Wo sich in der Pralinenauslage zartes Pink breitmacht, geht es oft um Ruby. Die neue Schokoladensorte verdankt ihre Farbe einer Kakaobohne. Aber wie schmeckt sie?

Von Verena Haart Gaspar

Als Schokoladen-Sommelier ist Kevin Lühmann es gewohnt, ungewöhnliche Produkte zu verkosten. Er hat Zartbitterschokolade mit geröstetem Schweinefleisch in Taiwan probiert oder Kitkat-Riegel mit Süßkartoffeln in Japan. Alles keine große Sache. Aber das, was der Schweizer Schokoladenhersteller Barry Callebaut da im September 2017 in Shanghai präsentierte, galt als Weltneuheit: rosa Schokolade. Und zwar nicht rosa gefärbt, keine weiße Kakaobutter mit Himbeeraroma. Nein, es ging um einen vierten Schokoladentyp - nach Zartbitter, Vollmilch und weißer Schokolade. So etwas hatte es seit 80 Jahren nicht gegeben. Entsprechend aufgeregt war man in der Branche. Und Kevin Lühmann gehörte zu den Ersten, die diese Schokolade verkosten durften.

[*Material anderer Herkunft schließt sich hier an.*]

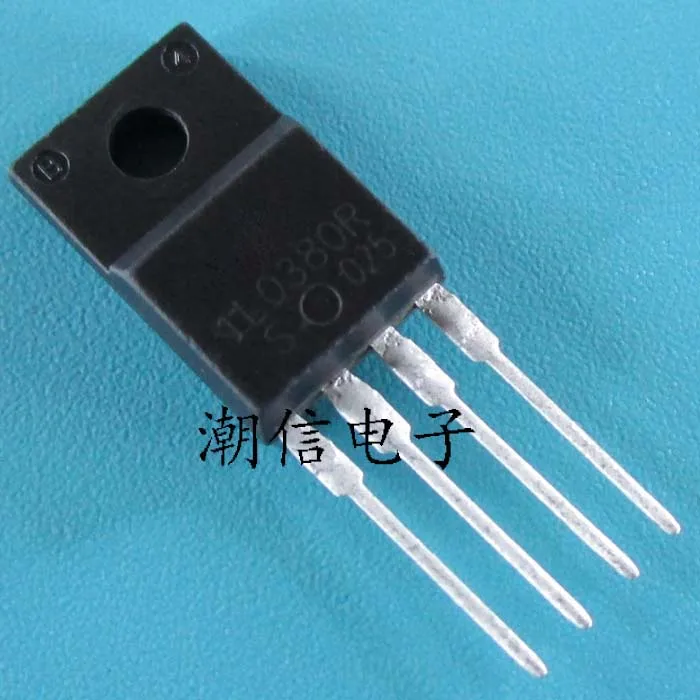 

10cps 1 l0380r KA1L0380R voltage 800 v 3 a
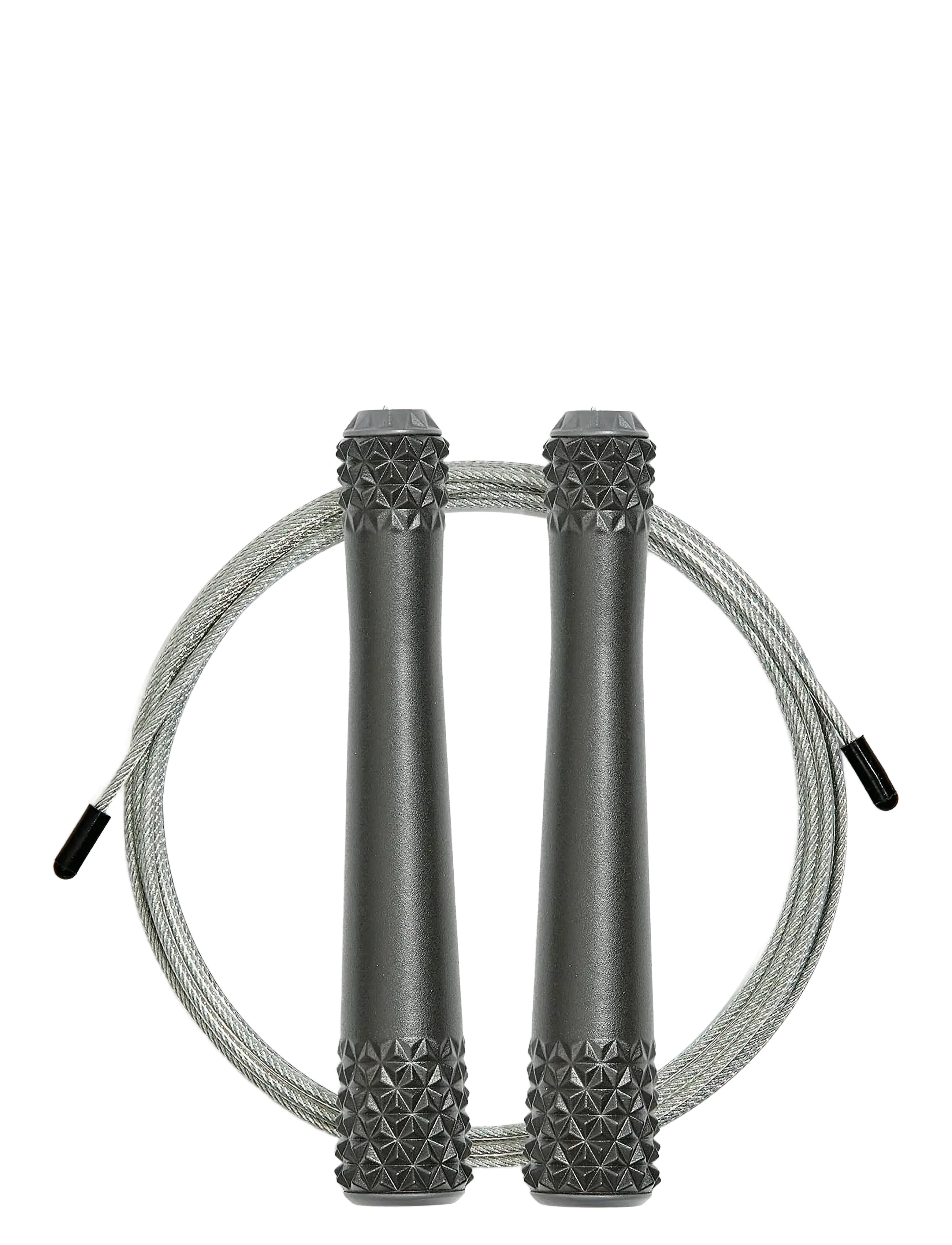 ADIDAS EQUIPMENT Skipping Rope Grau - One Size - Damen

"So was erlebt man natürlich nicht alle Tage", sagt der 41-Jährige. Und er erinnert sich, wie überrascht er dann war, dass Ruby-Schokolade, benannt nach dem englischen Wort für Rubin, für ihn tatsächlich sofort etwas Außergewöhnliches hatte: "Sie schmeckt fruchtig, nach roten Beeren, sehr cremig und mit einer leicht säuerlichen Note", erklärt der Sommelier. Der Geschmack und die rosarote Farbe entstehen bereits bei der Verarbeitung der Ruby-Kakaobohnen. "Und das", sagt Lühmann, "ist wirklich einzigartig".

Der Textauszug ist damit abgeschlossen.